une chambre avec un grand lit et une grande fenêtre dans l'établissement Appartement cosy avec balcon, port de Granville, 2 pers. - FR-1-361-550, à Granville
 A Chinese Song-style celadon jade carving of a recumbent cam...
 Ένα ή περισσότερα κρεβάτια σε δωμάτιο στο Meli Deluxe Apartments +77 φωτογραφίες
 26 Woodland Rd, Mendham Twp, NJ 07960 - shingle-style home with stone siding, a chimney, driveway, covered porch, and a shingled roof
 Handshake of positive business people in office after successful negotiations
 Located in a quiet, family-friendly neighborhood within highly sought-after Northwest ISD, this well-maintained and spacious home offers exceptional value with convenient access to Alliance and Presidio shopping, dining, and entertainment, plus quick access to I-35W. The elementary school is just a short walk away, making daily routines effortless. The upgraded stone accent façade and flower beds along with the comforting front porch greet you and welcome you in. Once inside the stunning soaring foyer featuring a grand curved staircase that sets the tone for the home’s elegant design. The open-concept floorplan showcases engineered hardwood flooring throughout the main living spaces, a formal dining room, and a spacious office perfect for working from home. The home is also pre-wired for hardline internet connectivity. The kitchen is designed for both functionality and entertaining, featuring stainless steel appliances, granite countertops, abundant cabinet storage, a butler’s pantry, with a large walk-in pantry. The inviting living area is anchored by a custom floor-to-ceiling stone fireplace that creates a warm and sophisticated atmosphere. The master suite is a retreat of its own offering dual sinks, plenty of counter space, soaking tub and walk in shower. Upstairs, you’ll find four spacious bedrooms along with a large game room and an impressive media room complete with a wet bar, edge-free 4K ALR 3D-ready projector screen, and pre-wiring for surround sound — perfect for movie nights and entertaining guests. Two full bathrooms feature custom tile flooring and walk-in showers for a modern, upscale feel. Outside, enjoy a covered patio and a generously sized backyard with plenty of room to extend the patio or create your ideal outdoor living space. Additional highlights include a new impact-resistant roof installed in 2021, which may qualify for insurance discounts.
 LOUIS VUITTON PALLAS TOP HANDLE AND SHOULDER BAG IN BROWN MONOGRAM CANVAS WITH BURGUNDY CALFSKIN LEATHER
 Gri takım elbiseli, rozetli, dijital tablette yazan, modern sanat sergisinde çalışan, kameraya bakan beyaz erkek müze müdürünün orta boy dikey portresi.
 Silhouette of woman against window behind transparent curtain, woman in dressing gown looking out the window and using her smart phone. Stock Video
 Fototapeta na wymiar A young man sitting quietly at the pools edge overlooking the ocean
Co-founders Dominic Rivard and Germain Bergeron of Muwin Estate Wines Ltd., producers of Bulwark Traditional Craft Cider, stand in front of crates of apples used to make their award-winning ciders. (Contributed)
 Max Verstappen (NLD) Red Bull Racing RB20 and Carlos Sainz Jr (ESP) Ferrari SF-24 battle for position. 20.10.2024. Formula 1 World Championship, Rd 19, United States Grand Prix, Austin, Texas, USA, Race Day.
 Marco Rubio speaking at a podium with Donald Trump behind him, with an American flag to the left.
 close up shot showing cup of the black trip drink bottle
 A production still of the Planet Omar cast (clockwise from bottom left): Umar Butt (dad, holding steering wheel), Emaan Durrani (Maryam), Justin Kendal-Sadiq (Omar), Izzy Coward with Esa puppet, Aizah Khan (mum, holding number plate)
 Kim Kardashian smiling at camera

* What you will do *
Start with the line that contains "Gri takım elbiseli, rozetli, dijital", end with the last line of the entries, and please retype every line in that span exactly, with no others.

* Solution to this task *
 Gri takım elbiseli, rozetli, dijital tablette yazan, modern sanat sergisinde çalışan, kameraya bakan beyaz erkek müze müdürünün orta boy dikey portresi.
 Silhouette of woman against window behind transparent curtain, woman in dressing gown looking out the window and using her smart phone. Stock Video
 Fototapeta na wymiar A young man sitting quietly at the pools edge overlooking the ocean
Co-founders Dominic Rivard and Germain Bergeron of Muwin Estate Wines Ltd., producers of Bulwark Traditional Craft Cider, stand in front of crates of apples used to make their award-winning ciders. (Contributed)
 Max Verstappen (NLD) Red Bull Racing RB20 and Carlos Sainz Jr (ESP) Ferrari SF-24 battle for position. 20.10.2024. Formula 1 World Championship, Rd 19, United States Grand Prix, Austin, Texas, USA, Race Day.
 Marco Rubio speaking at a podium with Donald Trump behind him, with an American flag to the left.
 close up shot showing cup of the black trip drink bottle
 A production still of the Planet Omar cast (clockwise from bottom left): Umar Butt (dad, holding steering wheel), Emaan Durrani (Maryam), Justin Kendal-Sadiq (Omar), Izzy Coward with Esa puppet, Aizah Khan (mum, holding number plate)
 Kim Kardashian smiling at camera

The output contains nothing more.